Well, I tried that, and it was like herding cats. I have to have a plot. Part of my problem is perfectionism. I don’t want to write anything crappy. But Chris Baty, author of No Plot, No Problem, writes, “The quickest, easiest way to produce something beautiful and lasting is to risk making something horribly crappy” (32).  He adds, “…you should lower the bar from “best-seller” to “would not make someone vomit” (33). LOL

An exercise Baty recommends is to answer this question:  What, to you, makes a good novel?

Hmm.

  • An anti-hero.  Like Vachss’ Burke.
  • sexual tension
  • a mystery
  • well-researched–nothing makes me throw a book like the hero flipping the safety off a Glock.
  • snappy dialogue
  • cranky people
  • heroine with a passion for a particular thing; don’t care what it is.
  • people who awaken from ‘deadness’
  • funny situations
  • thought-provoking. (like Einstein’s Dreams, for example)
  • people who overcome adversity
  • foreshadowing
  • symbolism and metaphors

And another exercise–what bores you in a novel?

  • dialogue that goes nowhere
  • too much narrative (although I really liked Portrait of a Lady, and I love Herman Melville.

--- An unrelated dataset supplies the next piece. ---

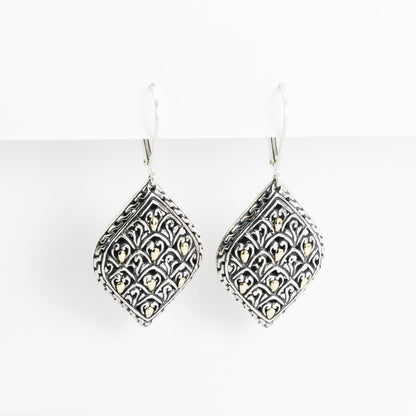 filigree earrings dangle 925 sterling silver decorated with Dragon skin art and 18K yellow gold franch lock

Go figure.)
  • flat characters (bad guy has to have at least one redeeming characteristic)
  • improbable action
  • characters who don’t reap what they sow, good or bad. Bad enough to see that in real life.    *The Lovely Bones hit these two no-nos for me:  when the girl possesses Ruth’s body and the boy knew who she was?  Please.  And the mother abandoned the kids and slipped seamlessly back into their lives. Double please.

So where do I go from here? Back to GMC, I think.  I’m also finding this site on plotting helpful:

Beginning:

  • start with the status quo
  • and then something happens
  • the character commits to their goal

Go to the site to see the pages on middles and endings. Great info.

here’s what I’m working on:

Hero’s brother & wife have been murdered over a very rare gun. Hero is on the hunt for the murderer. Wants revenge.
Heroine runs a gun shop that her father willed to her and her mother.
Mother is still grieving husband’s death (it’s been a year+) and is no help to heroine; she’s also a bit like Grandma Mazur.

Well, it’s a start.

1 thought on “on plotting

  1. “‘The quickest, easiest way to produce something beautiful and lasting is to risk making something horribly crappy’ (32). He adds, ‘…you should lower the bar from “best-seller” to “would not make someone vomit’ (33)”

    I completely agree. And also: lawl.

    I absolutely hate writing shit. I am ashamed of it and it ruins my day (rly. It does). On the other hand, though, without that garbage I hardly think we can expect the gems to exist. Something like diamonds and carbon, I venture to wager. I have become much more comfortable, recently, in tabling my own sense of perfectionism and just writing for the sake of actually writing. Of course, I would never think to share the crappy writing with anyone outside of a houseplant. For me it comes down to writing versus not writing. If I don’t write the crap, I won’t write. I’m so out of practise it hurts and because of that, I don’t have the muscles to run a marathon. I don’t have the precision to write something anyone would be interested in writing (save for a very quick blog, or two).

    Anyway. Very long story short: I feel ya.

    And hey! You have several starts. You have some characters (currently irritating, or no) and you have plots to consider. Fantastic! 🙂 Keep on keepin’ on. 🙂 Best of luck.